Les marchés pétroliers avaient anticipé l’annonce et elle a fait pschitt : le prix du baril de brent pour livraison en janvier a même bondi de 3,27 % (82,31 dollars, soit 73,18 euros) à Londres, celui du west texas intermediate de 2,22 % (78,50 dollars) à New York. En outre, le volume d’or noir libéré est symbolique, même s’il est sans précédent. Il ne représente que trois jours de consommation américaine et une demi-journée de demande mondiale. Quant à la contribution chinoise, elle se limitera à une dizaine de millions de barils et celle de l’Inde à 5 millions.
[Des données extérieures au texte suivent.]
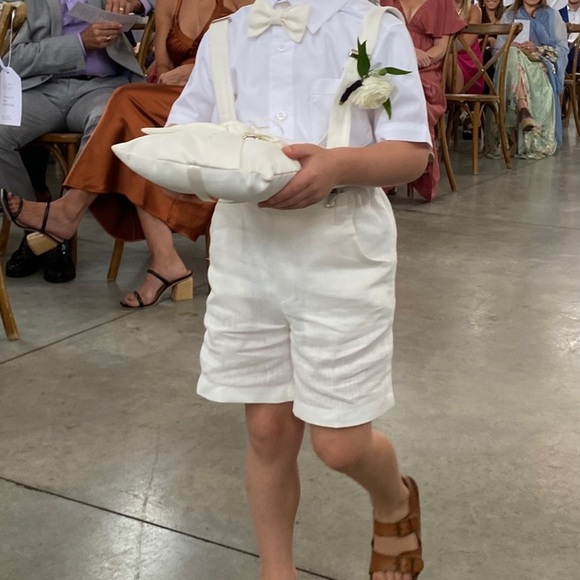 Ring bearer shorts outfit- white linen - like new - Picture 1 of 9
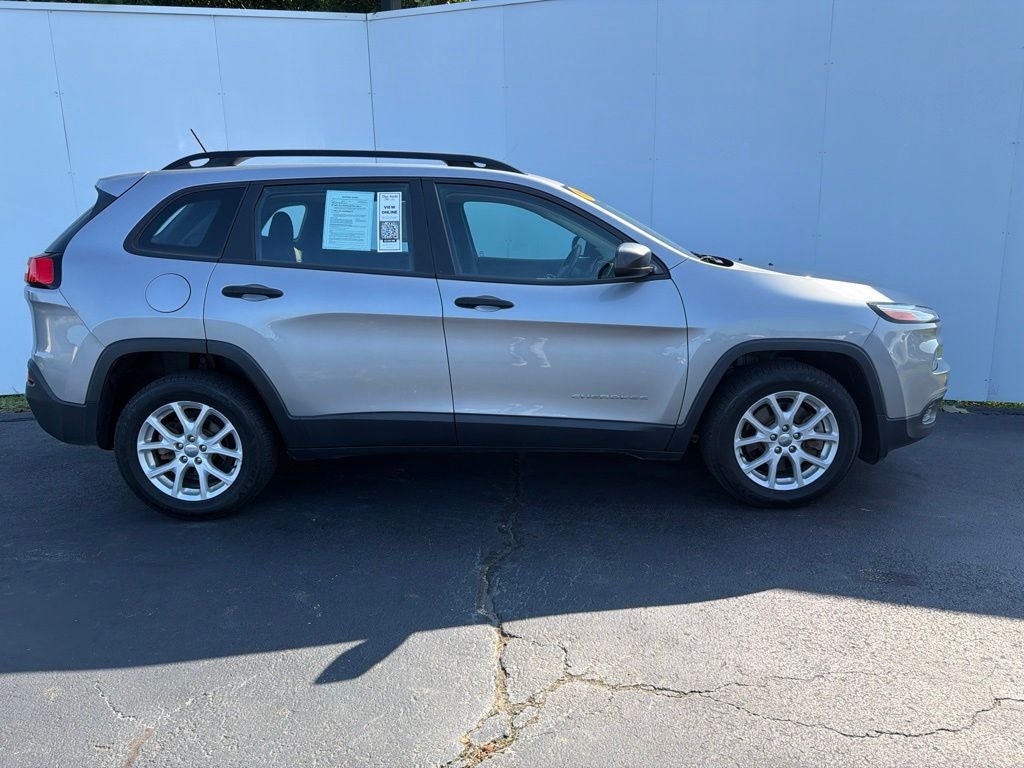 2016 Jeep Cherokee Sport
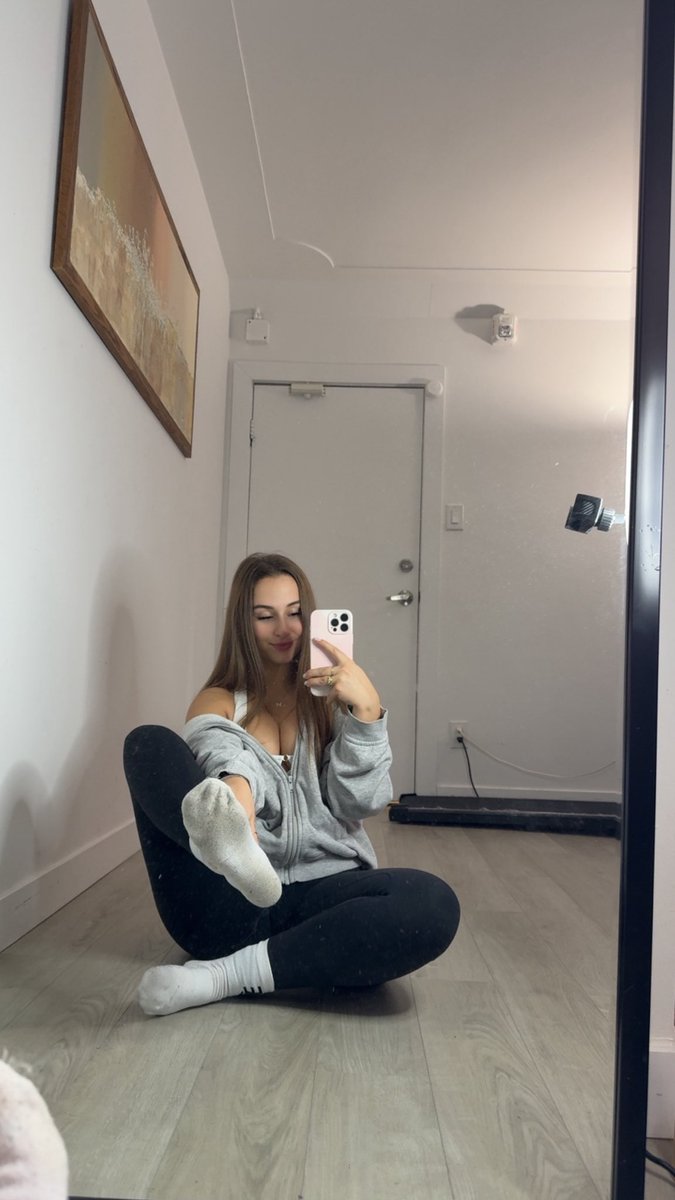 Goddess Lexi tweet media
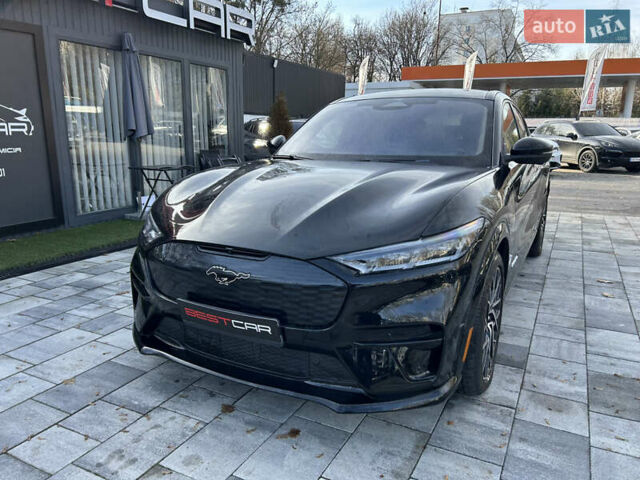 Черный Форд Mustang Mach-E, объемом двигателя 0 л и пробегом 15 тыс. км за 37000 $, фото 5 на Automoto.ua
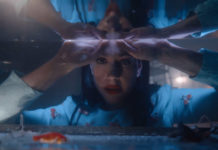 Katerine Duska – “Of time”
La décision de M. Biden est d’abord politique. En difficulté dans les sondages, il veut afficher sa volonté de réduire le prix de l’essence, qui a atteint 3,41 dollars le gallon, à la veille de la transhumance automobile de la fête familiale de Thanksgiving (25 novembre). Il a récemment activé un autre levier en demandant à l’autorité de la concurrence d’enquêter « immédiatement » sur « des signes de plus en plus évidents de comportements nuisibles aux consommateurs de la part des entreprises de pétrole et de gaz », n’excluant pas de saisir la justice.
Un « abus », selon l’opposition
Les prix de l’énergie expliquent en partie le retour de l’inflation dont l’éradication est, dit-il, sa « priorité absolue ». Le président américain envoie aussi un signe ferme à l’Arabie saoudite et à l’Organisation des pays exportateurs de pétrole (OPEP). Cette dernière se réunira avec la Russie, le 2 décembre, mais il n’est pas prévu que le cartel OPEP+ (l’OPEP et dix autres pays producteurs) calme les marchés en injectant plus que les 400 000 barils par jour en décembre, conformément à la trajectoire définie en juillet (+ 2 millions de barils sur les cinq derniers mois de l’année).
M. Biden fait-il un bon usage de ces réserves, créées en 1974 après le choc pétrolier qui a suivi la guerre israélo-arabe d’octobre 1973 ? Chaque pays doit stocker l’équivalent de quatre-vingt-dix jours de consommation de brut. Mais puiser dans ces stocks était à l’origine envisagé comme l’ultime réponse à un embargo ou une crise politique. Ils ont été mobilisés lors de la première guerre du Golfe (1991) et du conflit en Libye (2011), mais aussi après l’ouragan Katrina qui a dévasté la Louisiane en 2005.